Tag Archive for vSphere

Downtime sucks! Designing Highly Available Applications on a Budget

HA Minions

Downtime sucks.

I write this whilst sitting in an airport lounge, having been disembarked from my plane due to a technical fault. I don’t really begrudge the airline in question; it was a plumbing issue! This is a physical failure of the aircraft in question and just one of those things (unless I find out later they didn’t do the appropriate preventative maintenance of course)! Sometimes failures just happen and I would far rather it was just a plumbing issue, not an engine issue!

What is not excusable, however, is if the downtime is easily preventable; for example, if you are designing a solution which has no resilience!

This is obviously more common with small and medium sized businesses, but even large organisations can be guilty of it! I have had many conversations in the past with companies who have architected their solutions with significant single points of failure. More often than not, this is due to the cost of providing an HA stack. I fully appreciate that most IT departments are not swimming in cash, but there are many ways around a budgetary constraint and still provide more highly available, or at least “Disaster Resistant” solutions, especially in the cloud!HA Austin Powers Meme

Now obviously there is High Availability (typically within a single region or Data Centre), and Disaster Recovery (across DCs or regions). An ideal solution would achieve both, but for many organisations it can be a choice between one and the other!

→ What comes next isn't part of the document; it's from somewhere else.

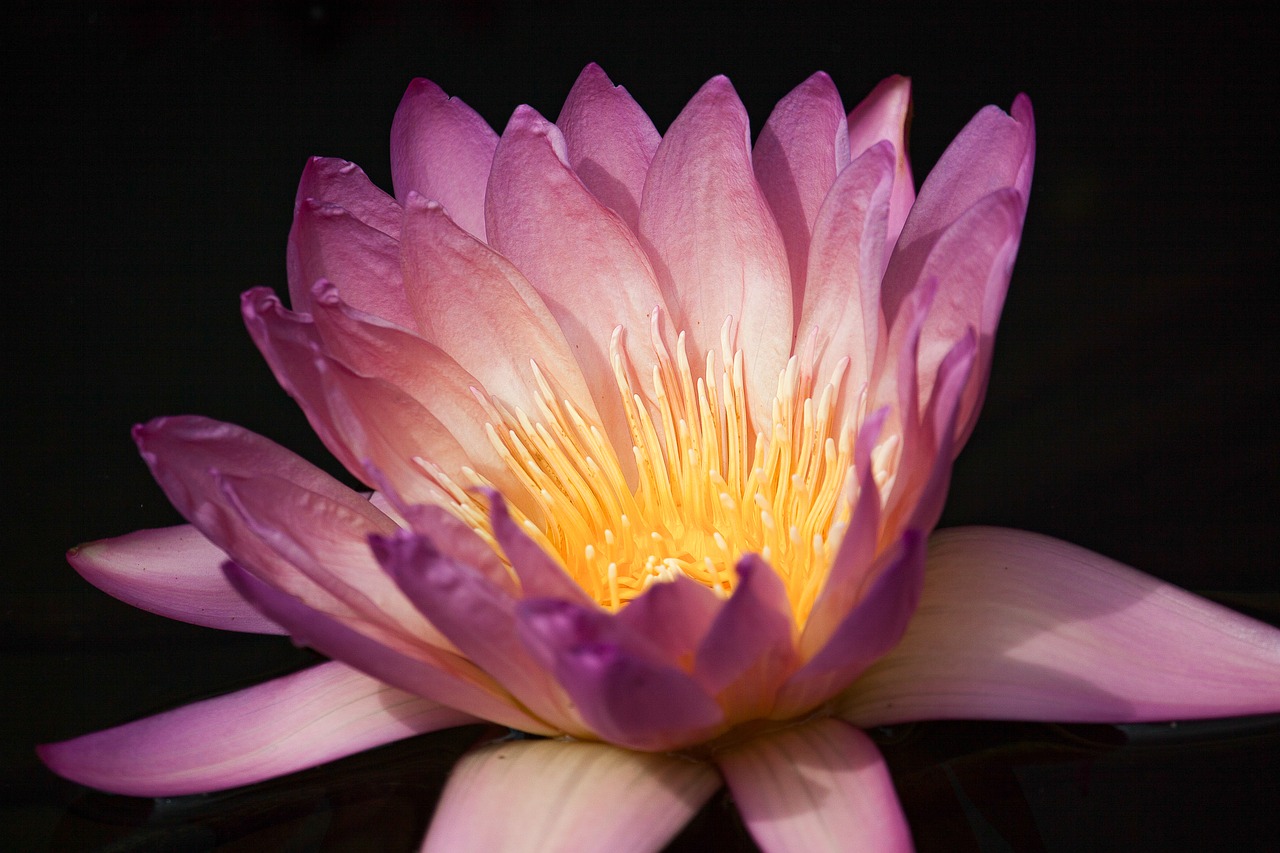 water lily blossom bloom free photo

Budgets are tight, what can we do?

Typically HA can be provided at either the application level (preferred), or if not, then at the infrastructure level. Many solutions to improvise availability are relatively simple and inexpensive. For example:

  • Building on a public cloud platform (and assuming that the application supports load balancing), why not test running twice as many instances with half the specification each? In most cases, unless there are significant storage quantities in each instance, the cost of scaling out this way is minimal.
    If there is a single instance, split it out into two instances, immediately doubling your availability. If there are two instances, what about splitting into 4? The impact of a node loss is then only 25% of the overall throughput capacity for the application, and can even bring down the cost of HA for applications where the +1 in N+1 is expensive!
  • Again in cloud, if there are more than two availability zones in a region (e.g. on AWS), then take advantage of them! If an application can handle 2 AZs, then the latency of adding a third shouldn’t make much, if any difference, and costs will only increase slightly with a small amount of extra inter-AZ bandwidth or per-AZ services (e.g NAT gateways).
    Again, in this scenario the loss of an AZ will only take out 33% of the application servers, not 50%, so it is possible to reduce the number of servers which are effectively there for failover only.
  • If you can’t afford to run an application as multi-AZ or multi-node, consider putting it in an auto-scaling group or scale-set with a minimum and maximum of 1 server. That way if an outage occurs or int he case of AWS, an entire AZ goes down, an instance will automatically be regenerated in an alternative AZ.HA Oliver
What if my app doesn’t like load balancers?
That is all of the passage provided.